# The Role of Intergranular Cracks on Fast Charging and Accelerated Degradation in Polycrystalline Layered Oxide Cathodes

**Authors:** Jinhong Min, Tobias Glossmann, Yiyang Li

PMC · DOI: 10.1002/advs.202515588 · Advanced Science · 2025-10-29

## TL;DR

This paper explains how cracks in battery cathode materials can both harm and help battery performance, affecting how we design better energy storage.

## Contribution

The paper highlights the dual role of intergranular cracks in enhancing and degrading battery performance in layered oxide cathodes.

## Key findings

- Intergranular cracks in cathode materials cause structural degradation and performance loss.
- Cracks also improve reaction kinetics by increasing surface area and electrolyte access.
- Understanding this duality is essential for optimizing cathode design and modeling.

## Abstract

Polycrystalline layered oxide cathodes such as Li(NixMnyCoz)O2 (NMC) and Li(NixCoyAlz)O2 (NCA) are some of the most widely used materials for Li‐ion batteries.
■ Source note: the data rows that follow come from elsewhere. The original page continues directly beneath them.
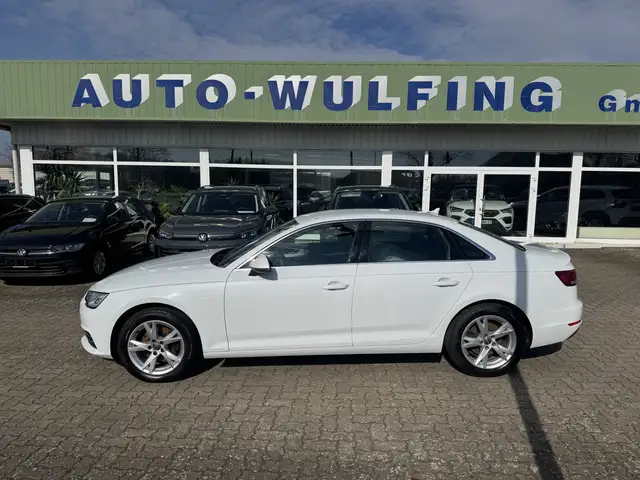 Audi A4 Sport 1.4 TFSI Navi Touch+Virtual Cockpit+++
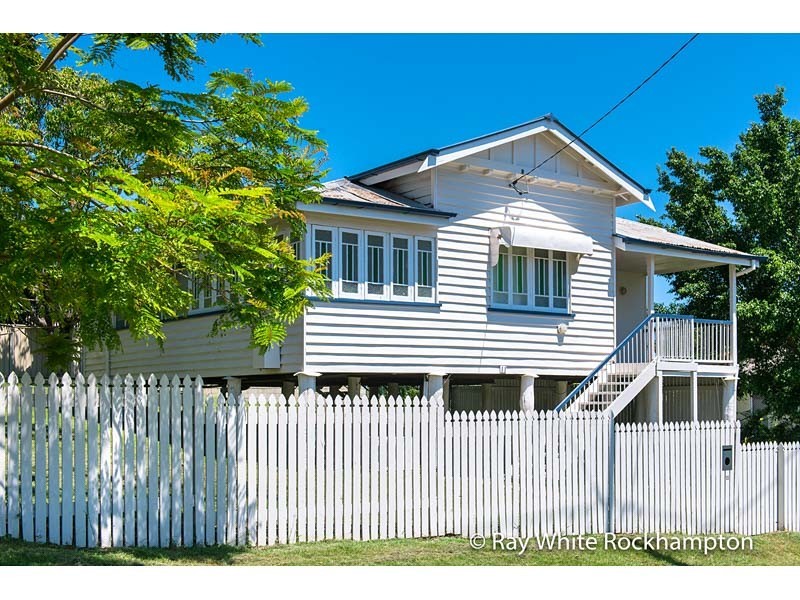 11 Millroy Street, Wandal QLD 4700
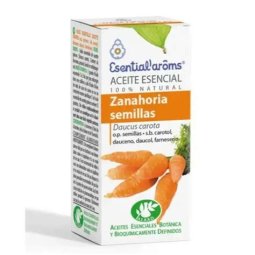 A.ESENCI ZANAHORIA SEMILLAS 5ML ESENTIAL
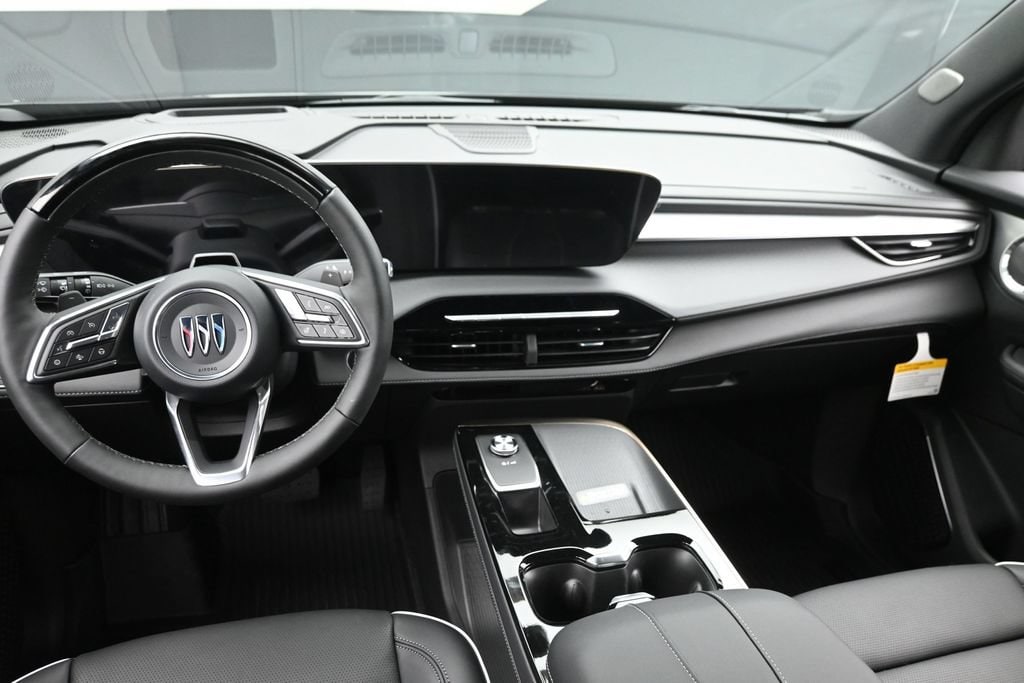 2026 Buick Enclave Avenir - Photo 16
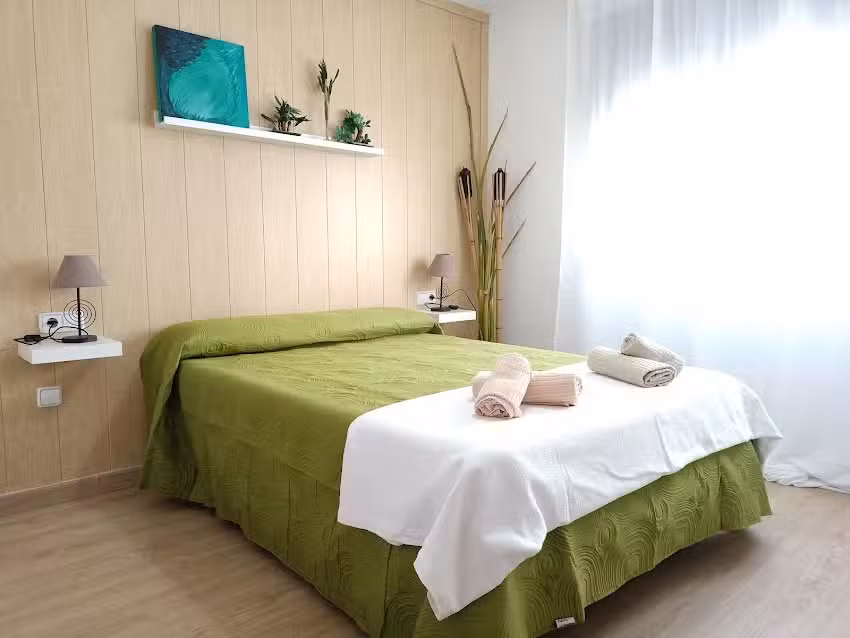 El Escondite de la Bahia &ndash; Apartamentos Coralba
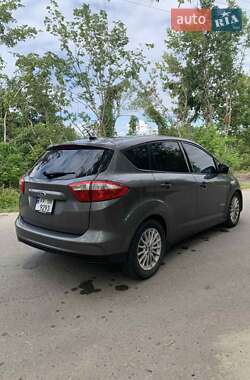 Мінівен Ford C-Max 2014 в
Due to anisotropic volume expansion upon lithium insertion and removal, such particles undergo substantial intergranular cracks. In this article, we presents a perspective on both the positive and negative roles of cracks on the electrochemical performance of these polycrystalline cathode particles based on recent research. Like in many other systems, cracks and fractures result in performance degradation and failure. However, in layered oxide particles, they also play a critical role in faster reaction kinetics by enabling electrolyte penetration, thereby shortening the diffusion length and increasing the reaction area. Acknowledging this dual nature of cracks and electrolyte penetration is critical in understanding how cathode materials are analyzed, modeled, and engineered for future energy storage applications.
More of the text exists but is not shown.